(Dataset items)
--*--

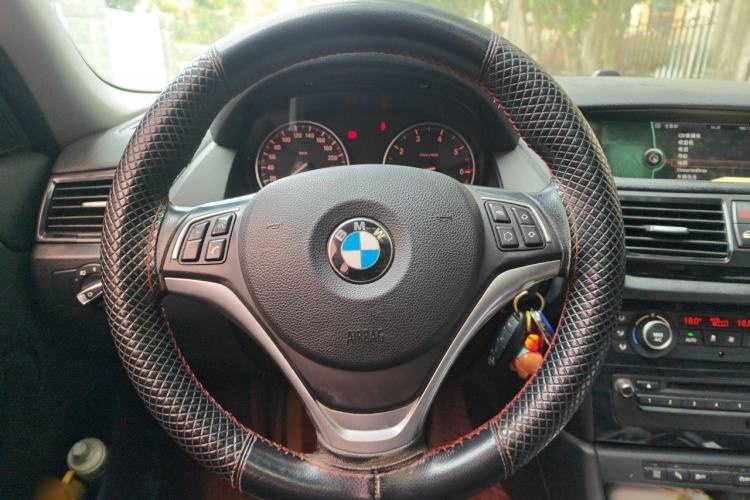 Used BMW X1 2014 sDrive18i Leading Model Steering Wheel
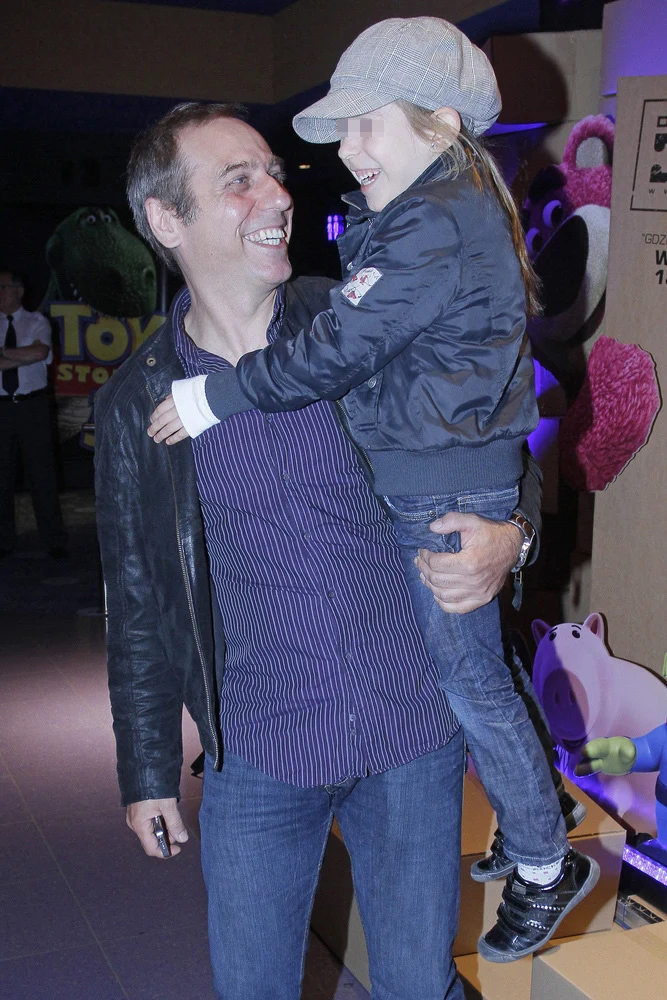 Tomasz Sapryk z najmłodszą córką Zosią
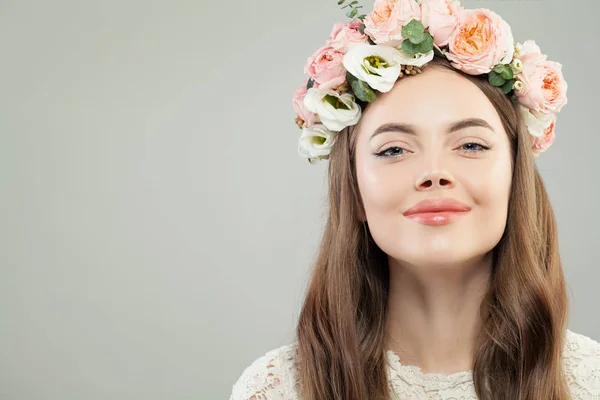 年轻美丽的模特女人在花的花的花的画像. — 图库照片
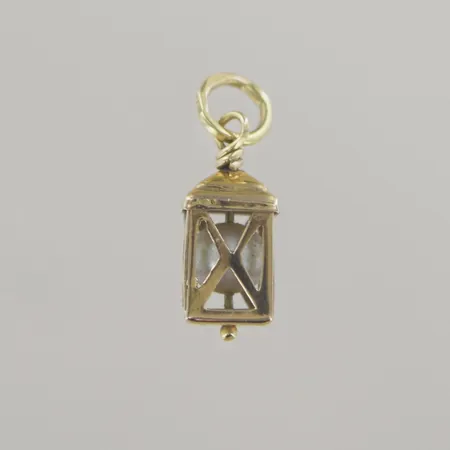 Hänge med pärla, längd 1,8 cm, bredd 0,6 cm, 18K Vikt: 1,4 g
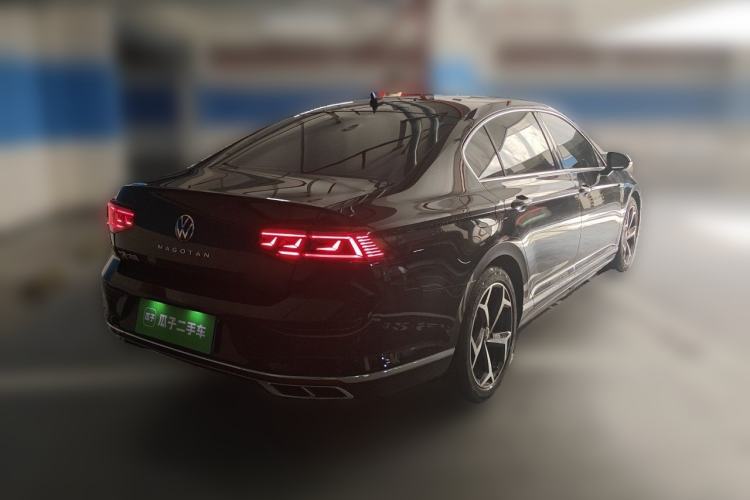 Used Volkswagen Magotan 2023 2 Million Units Commemorative Edition 330TSI DSG Luxury Version Rear Right 45 Deg
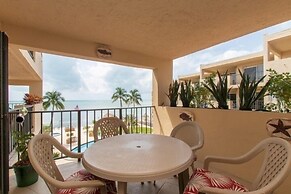 Picturesque 2 Bedroom Condo with Fabulous Ocean Views. 2 Condo by RedA
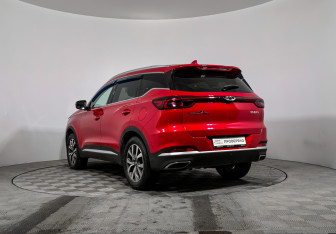 Подержанный автомобиль Chery Tiggo 7 Pro 2022 года (7 фото)
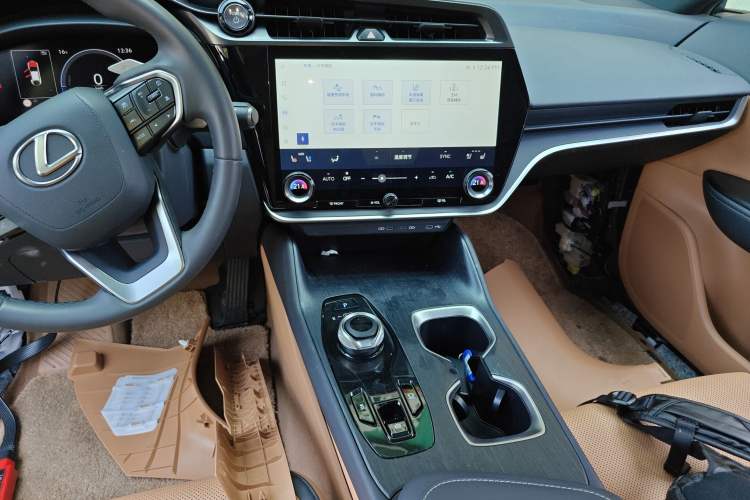 Used Lexus RZ 2023 450e All-Wheel-Drive Long-Range Version Audio And AC Panel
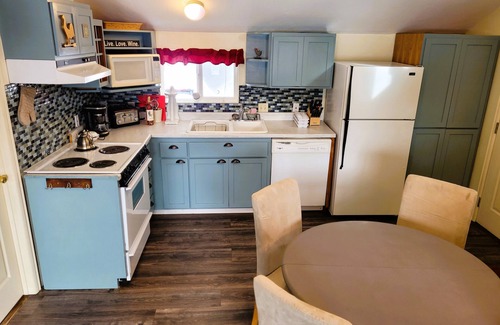 La Pine Casa | Cozy cottage with river access and great outdoor adventures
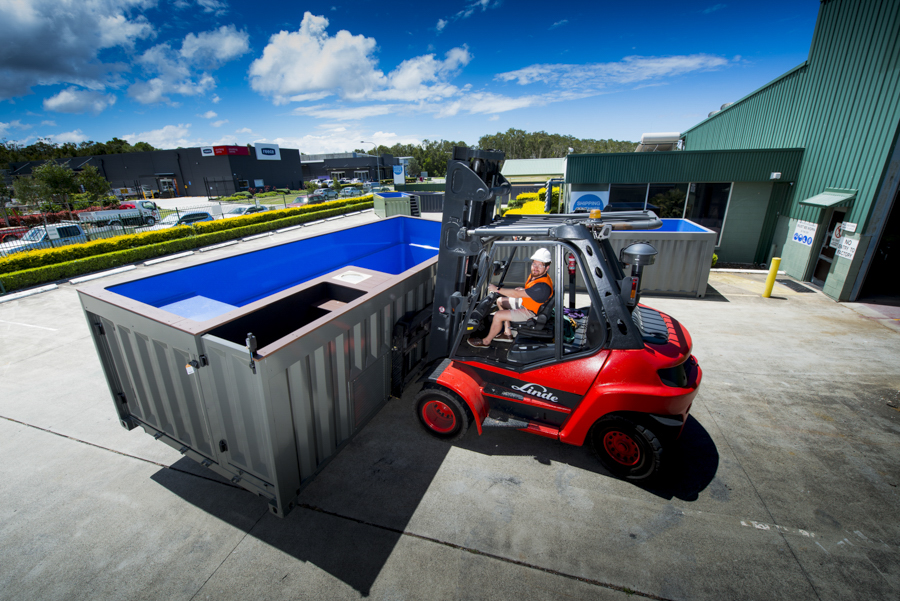 corporate photography for Linde & coolum container pools, PR photography Noosa, corporate photography noosa, Business profile photography Linde photographer phill jackson Noosa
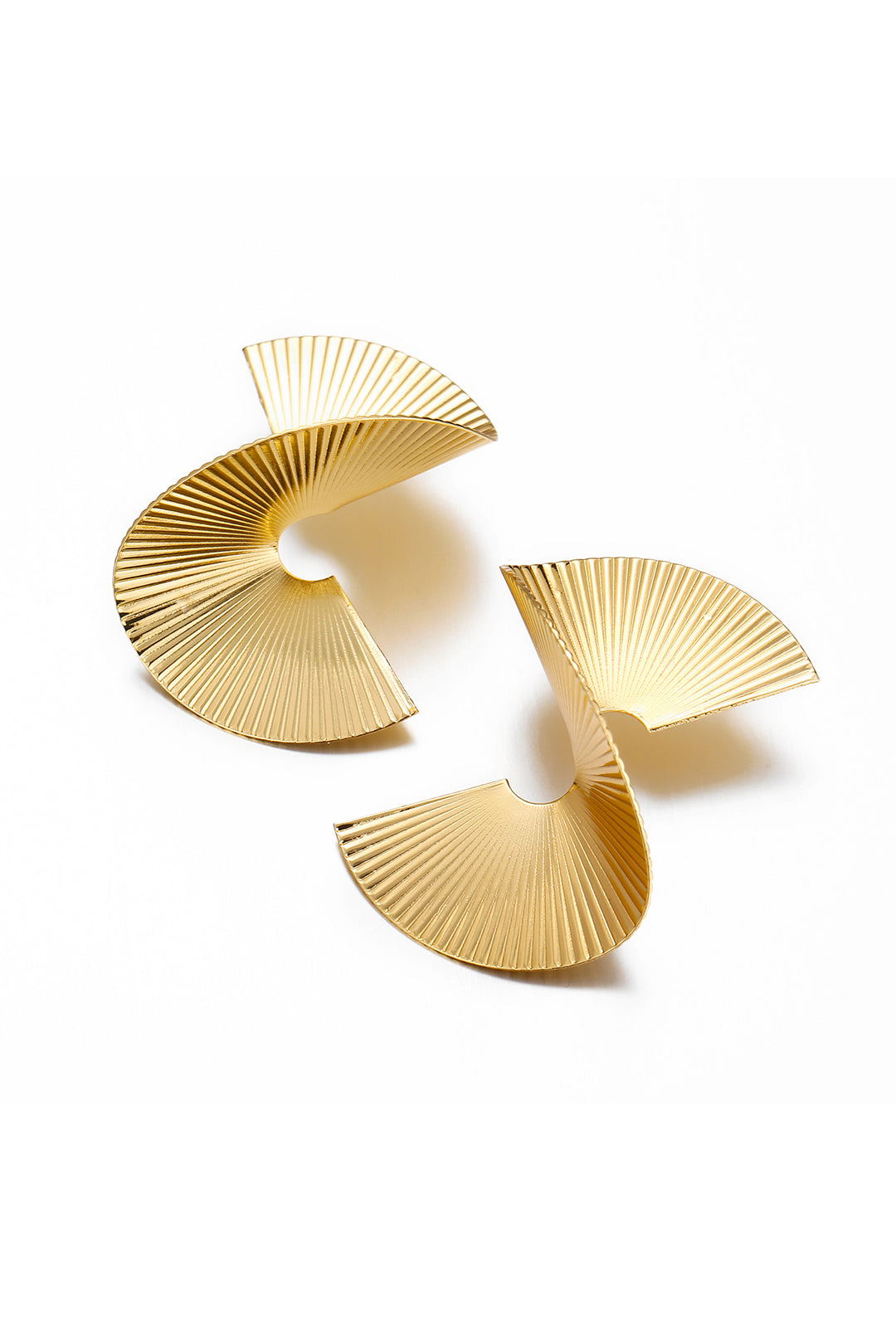 Boucles d'oreilles – Métal plissé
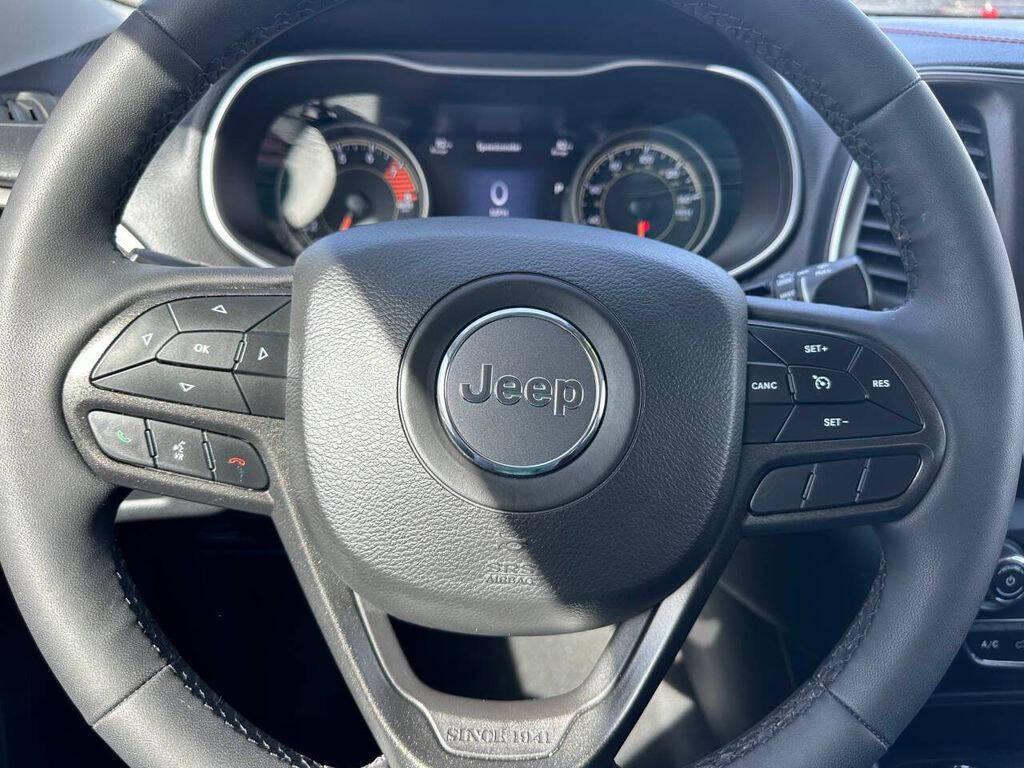 used 2022 Jeep Cherokee car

--*--

- _Task to complete_
Output exactly the lines above that lie between the line with "Tomasz Sapryk z najmłodszą córką Zosią" and the line with "La Pine Casa", those two lines included, and no pictures.

- _Written answer_
 Tomasz Sapryk z najmłodszą córką Zosią
 年轻美丽的模特女人在花的花的花的画像. — 图库照片
 Hänge med pärla, längd 1,8 cm, bredd 0,6 cm, 18K Vikt: 1,4 g
 Used Volkswagen Magotan 2023 2 Million Units Commemorative Edition 330TSI DSG Luxury Version Rear Right 45 Deg
 Picturesque 2 Bedroom Condo with Fabulous Ocean Views. 2 Condo by RedA
 Подержанный автомобиль Chery Tiggo 7 Pro 2022 года (7 фото)
 Used Lexus RZ 2023 450e All-Wheel-Drive Long-Range Version Audio And AC Panel
 La Pine Casa | Cozy cottage with river access and great outdoor adventures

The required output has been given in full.